Kualitas portofolio kredit adalah salah satu indikator kesehatan bank yang paling diawasi regulator dan investor. Rasio NPL yang naik menandakan meningkatnya risiko kredit macet, yang pada akhirnya mengikis permodalan bank melalui kewajiban pencadangan.
Cara Pakai
Atur alokasi kredit ke lima kategori kolektibilitas (Kol 1–5) sesuai komposisi portofolio yang ingin disimulasikan. Bar komposisi menampilkan proporsi tiap kategori (hijau = lancar, merah = macet), sedangkan gauge menampilkan rasio NPL gross terhadap ambang aman OJK 5% (garis putus-putus) beserta marker segitiga untuk posisi NPL net.
Rumus Kunci
$$NPL_{gross} = \frac{Kol_3 + Kol_4 + Kol_5}{Total} \times 100\%$$$$NPL_{net} = \frac{(Kol_3 + Kol_4 + Kol_5) - CKPN}{Total} \times 100\%$$di mana $CKPN = Kol_3 \times 15\% + Kol_4 \times 50\% + Kol_5 \times 100\%$ — tarif cadangan indikatif yang membesar seiring memburuknya kualitas kredit.
Contoh Angka
Portofolio bank contoh (miliar Rupiah): Kol 1 = 90,0; Kol 2 = 5,5; Kol 3 = 2,0; Kol 4 = 1,5; Kol 5 = 1,0 — Total = 100,0 miliar.

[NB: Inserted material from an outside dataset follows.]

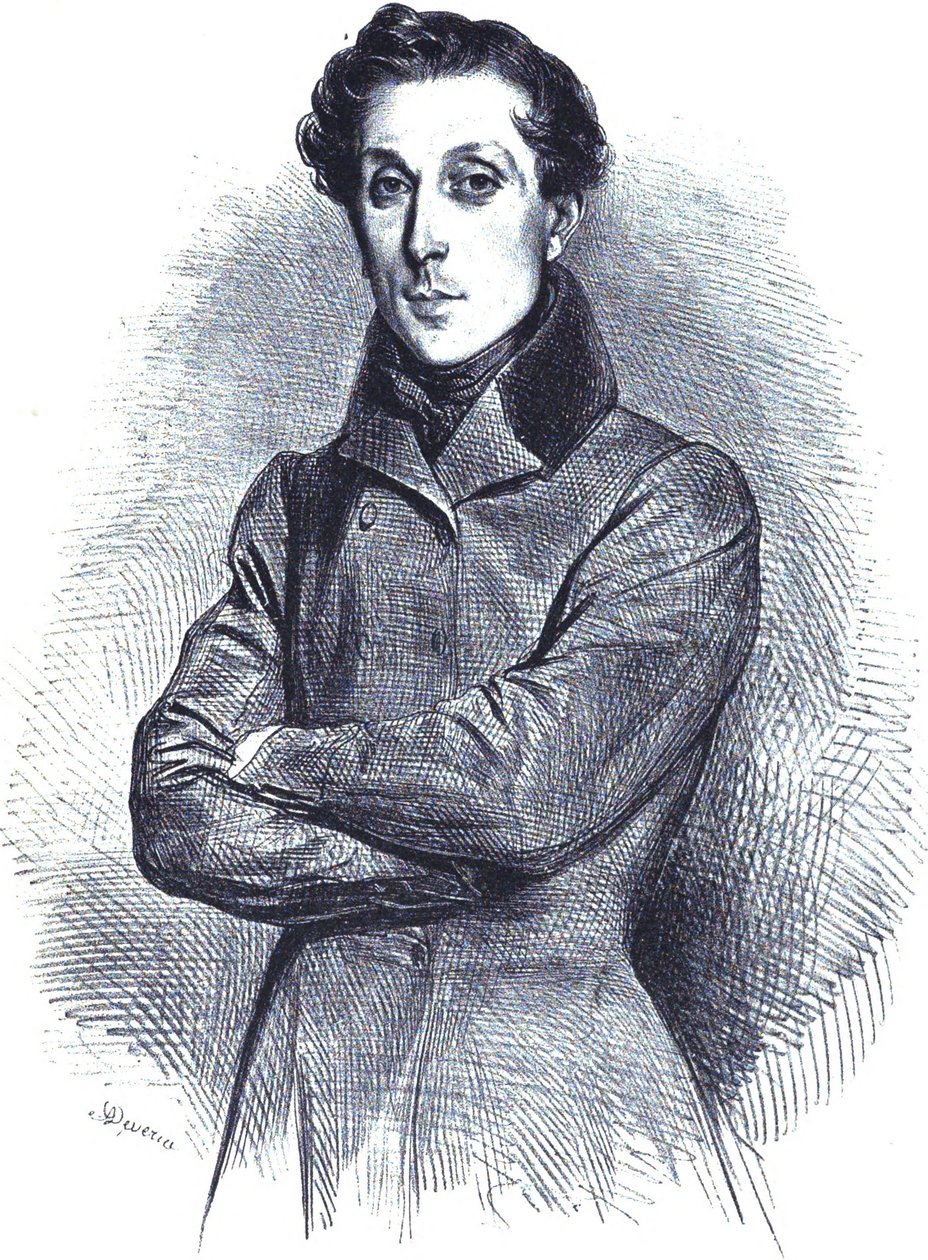 Portret francuskiego architekta Alphonse de Gisors, portret litograficzny autorstwa Achille Devéria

- Kredit bermasalah = 2,0 + 1,5 + 1,0 = 4,5 miliar
- CKPN = (2,0 × 15%) + (1,5 × 50%) + (1,0 × 100%) = 0,30 + 0,75 + 1,00 = 2,05 miliar
- NPL gross = 4,5 / 100,0 × 100% = 4,5%
- NPL net = (4,5 − 2,05) / 100,0 × 100% = 2,45 / 100,0 × 100% = 2,45%
Karena NPL gross 4,5% masih di bawah ambang aman OJK 5%, bank ini berstatus Aman — meski cukup dekat dengan ambang, sehingga perlu diwaspadai jika tren kredit bermasalah terus naik.